▸ Your task
Please restate word for word the lines of the entries below from the one with "coussin pillow mermaid" to the one with "GUCY Fashion Crown", inclusive, and leave out every picture.

-------- Material supplied --------

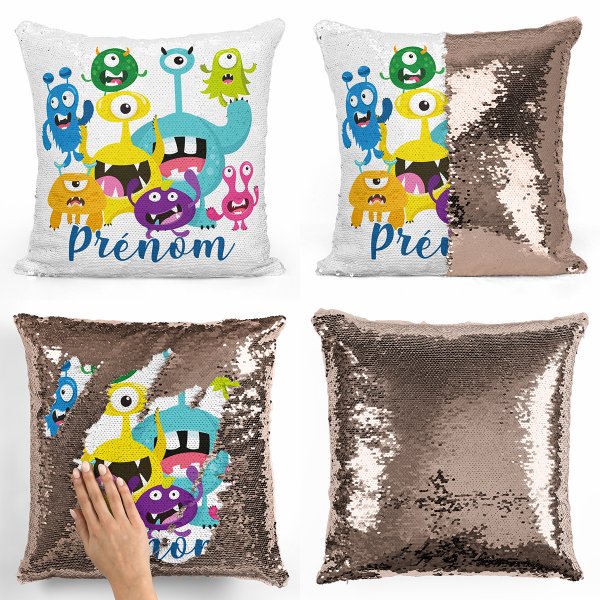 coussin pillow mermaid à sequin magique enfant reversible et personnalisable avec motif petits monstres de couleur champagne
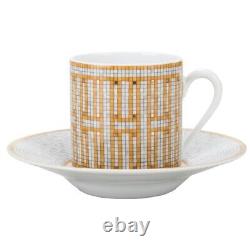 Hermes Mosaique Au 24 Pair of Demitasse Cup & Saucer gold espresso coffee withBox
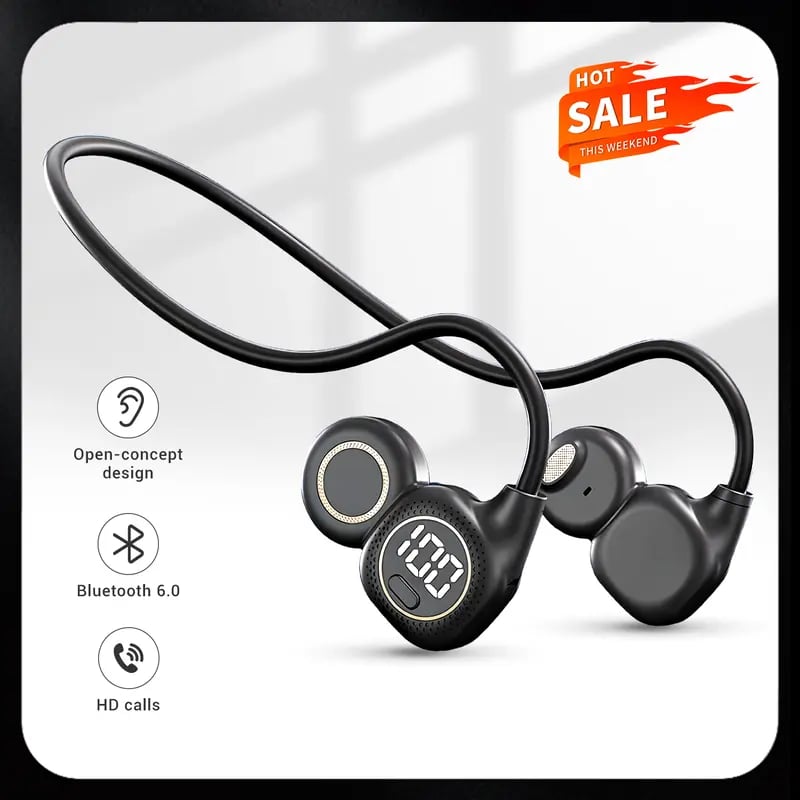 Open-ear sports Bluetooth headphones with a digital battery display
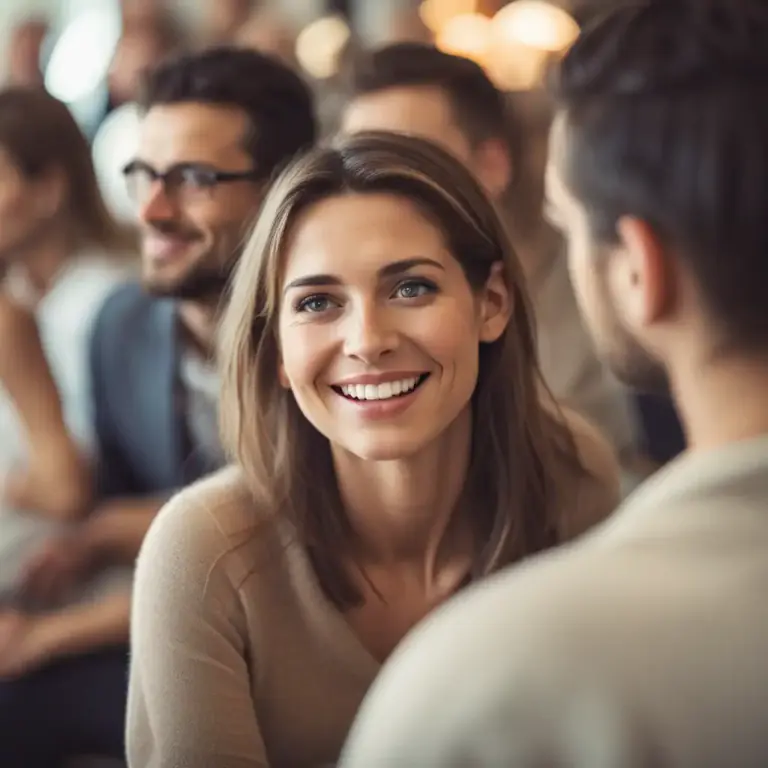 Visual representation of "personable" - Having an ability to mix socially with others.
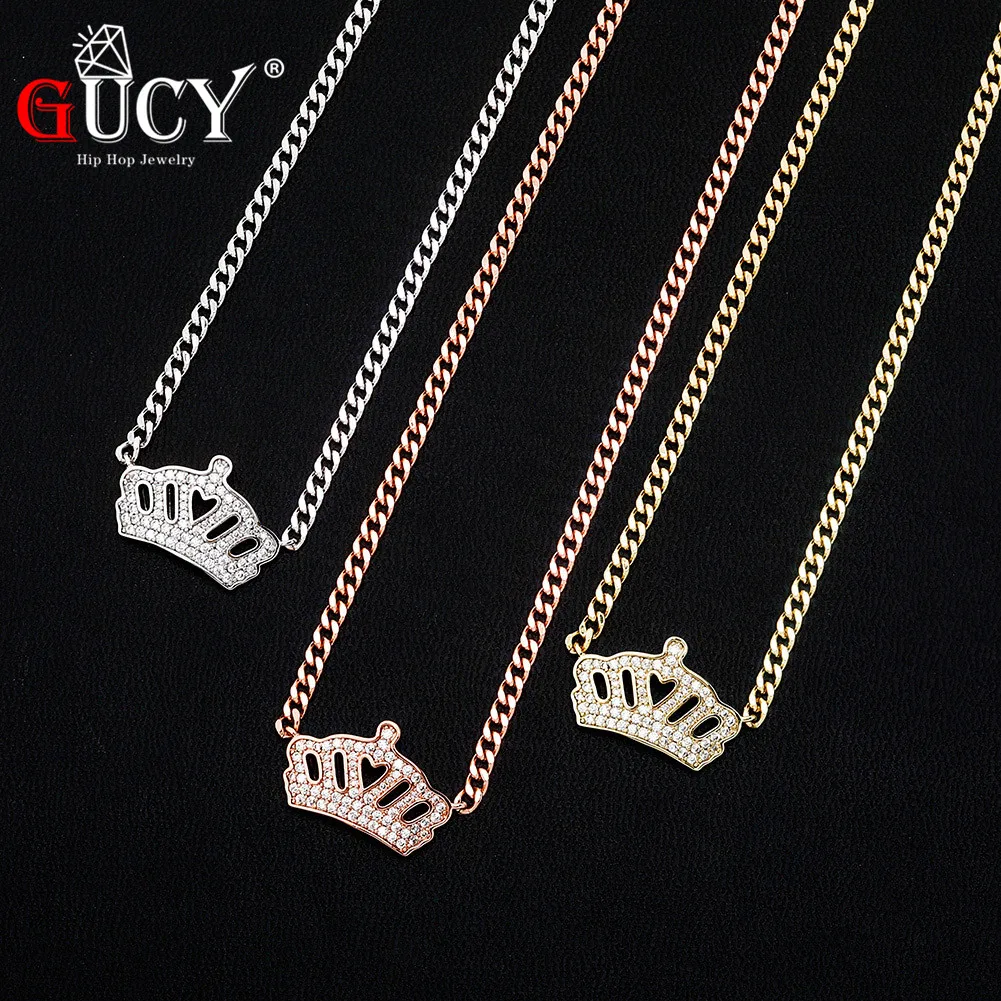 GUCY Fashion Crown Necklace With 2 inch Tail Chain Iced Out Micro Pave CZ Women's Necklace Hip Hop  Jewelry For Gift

--------
-------- Material supplied --------

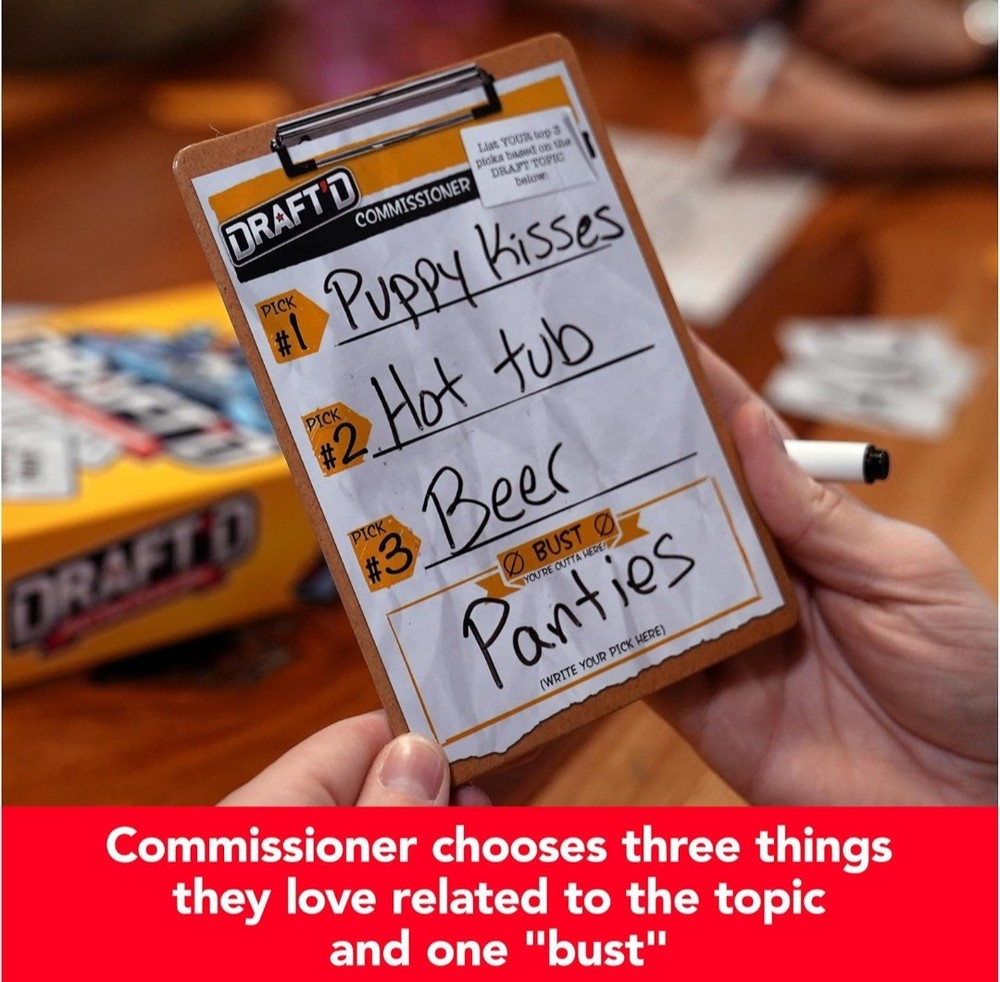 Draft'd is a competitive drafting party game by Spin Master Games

--------

▸ Answer box
 coussin pillow mermaid à sequin magique enfant reversible et personnalisable avec motif petits monstres de couleur champagne
 Hermes Mosaique Au 24 Pair of Demitasse Cup & Saucer gold espresso coffee withBox
 Open-ear sports Bluetooth headphones with a digital battery display
 Visual representation of "personable" - Having an ability to mix socially with others.
 GUCY Fashion Crown Necklace With 2 inch Tail Chain Iced Out Micro Pave CZ Women's Necklace Hip Hop  Jewelry For Gift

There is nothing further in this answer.